*This article is an automatic translation of the original article, provided here for your convenience. Read the original article. "When it works well, capitalism is great for consumers. Firms compete to cut prices and improve the customer experience, and consumers have plenty of alternatives, so they are not vulnerable to corporate greed or incompetence. Most of the time, American business enthusiastically participates in this win-win system. Antitrust helps to keep that system in force. It addresses the temptation that some businesses will sometimes experience, to merge with key rivals instead of outperforming them, to agree not to compete too hard, or to sabotage rivals' efforts to serve consumers instead of redoubling their own." Senator Barack Obama, American Antitrust
ARTICLES: US ANTITRUST LAW - NEW OBAMA ADMINISTRATION - ECONOMIC CRISIS - ENFORCEMENT - CONSERVATIVE REVOLUTION - SUPPLY-CHICAGO SCHOOL DOCTRINE - NEO-CONSERVATIVE ECONOMISTS - GOVERNMENT REDRESS - BUSINESS MALPRACTICES - PREJUDICE OF CONSUMERS - INTERNATIONAL ENFORCEMENT - MAJOR CASES AGAINST MONOPOLIZATIONS - LEGISLATIVE ACTIONS - NEOCONSERVATIVE JUDGES - UPDATE ANTITRUST ENFORCEMENT - INTELLECTUAL PROPERTY RIGHTS
Which competition policy for the Obama administration?
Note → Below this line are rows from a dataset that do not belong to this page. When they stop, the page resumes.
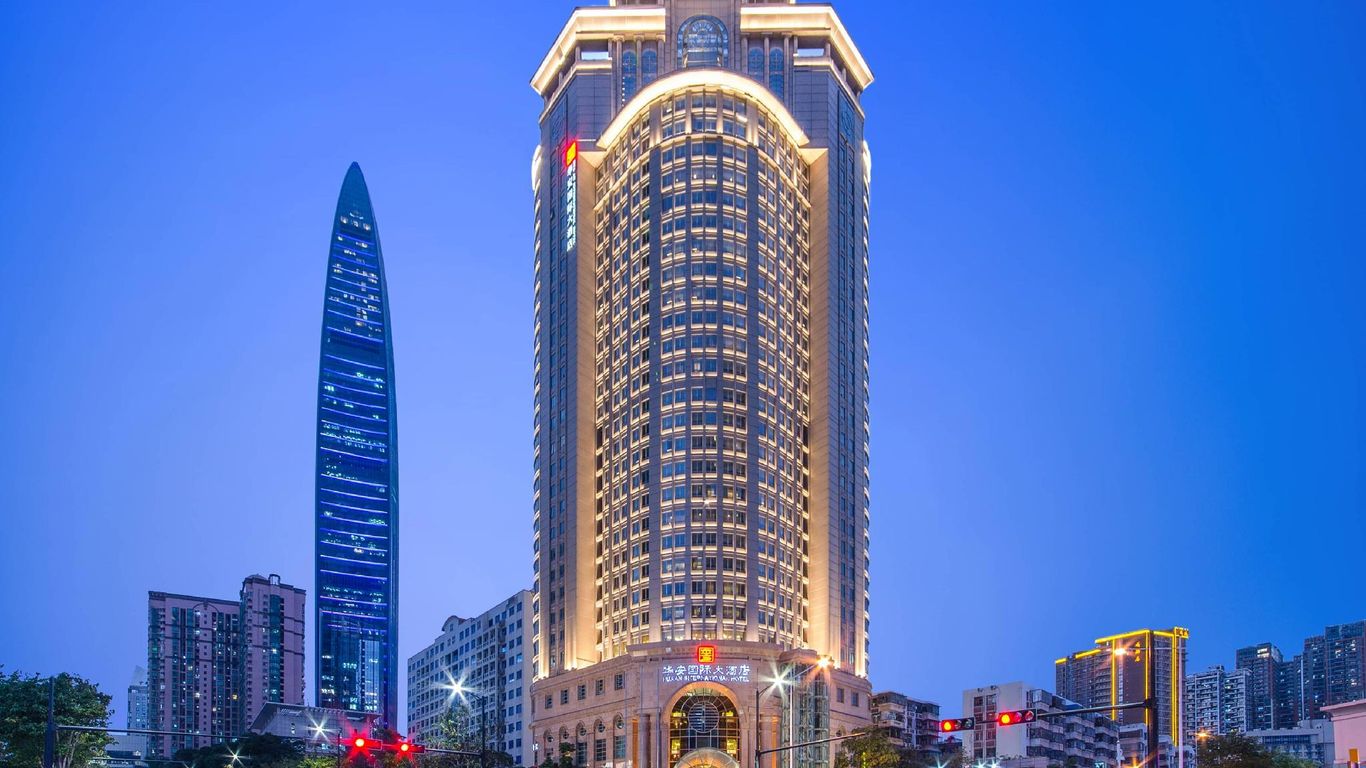 深圳華安康年國際大酒店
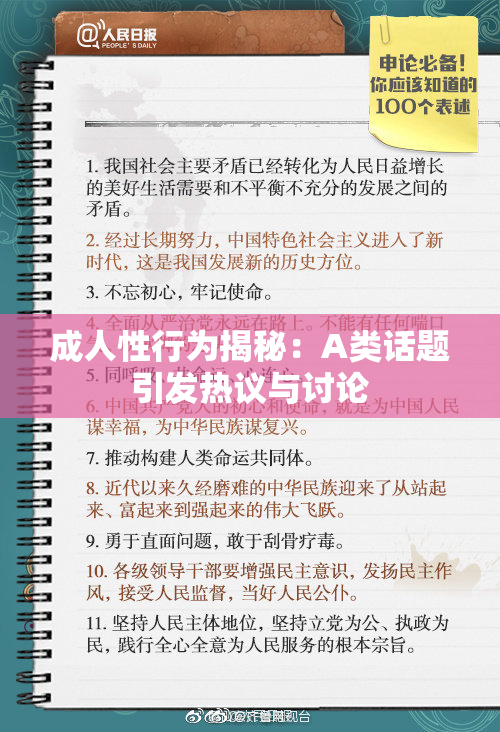 成人性行为揭秘：A类话题引发热议与讨论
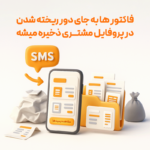 فاکتور آنلاین پیامکی با نرم‌افزار حسابداری رستورانی زعفران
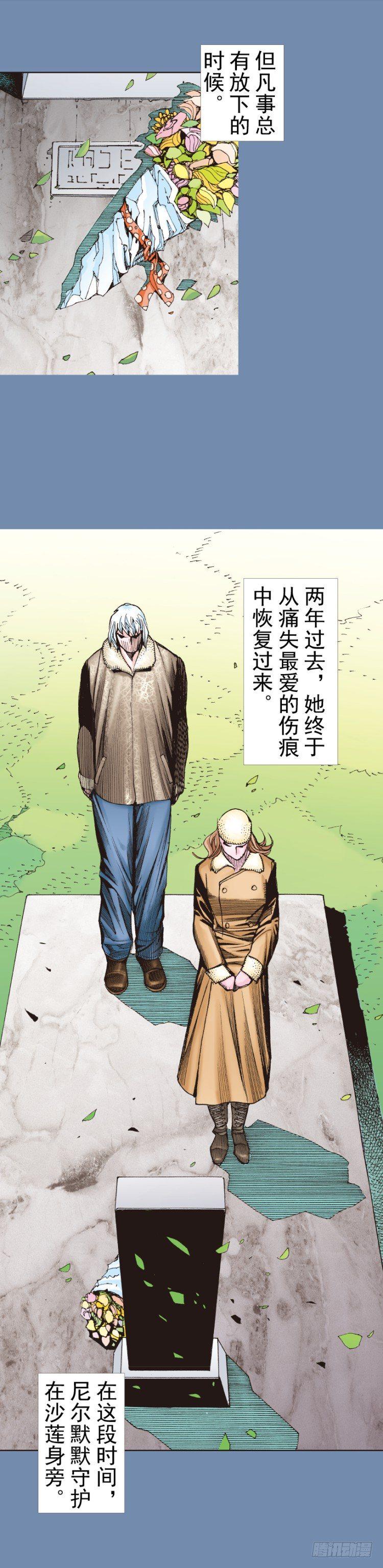 《杀道行者》漫画最新章节第319话：尼尔的一生（下）免费下拉式在线观看章节第【15】张图片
This paper was written at the time of the swearing-in ceremony of the 44th President of the United States. It aims at outlining the strong fluctuations of conceptions and enforcement of antitrust law since the Great Depression which started in 1929, which is compared by its magnitude to the present day economic crisis. Legalistic over enforcement of the antitrust in the 1950s and 1960s led to the conservative revolution materialized by the supply-side oriented Chicago School doctrine and the sharp critics of an economists group that ended in giving a prevalent role given to neo-conservative economists in the antitrust process under Republican administrations. The paper then gives a perspective on President Obama’s administration agenda with regard to antitrust law enforcement and the American competition policy until 2012.Candidate Obama has communicated clearly on his antitrust faith and objectives during the last presidential campaign, setting out a progressive agenda. It follows the Democrats’ tradition of antitrust law enforcement with regard to cartels, abusive vertical restraints, monopolization, attempts to monopolize and anticompetitive merger since, in America, antitrust law remains one of the few tools of government redress of business malpractices at the prejudice of consumers. Our expectations are that this administration will fulfill the President’s pledge for "Change" by deepening the international enforcement and by introducing one or two major cases against monopolizations to stress his difference with the "laissez-faire" attitude of his predecessor. However, given the institutional structure and the presence of Conservative Judges left in Federal Courts after eight years of the Bush administration, one may still expect a cautious action of the Democrat administration which will seriously select its cases. Given this institutional setting also, one can expect of the Obama administration some legislative actions to bypass neoconservative judges and update antitrust enforcement and bring it more in line with the progressive Democrat agenda, especially in some industries, such as health care, insurance and intellectual property rights.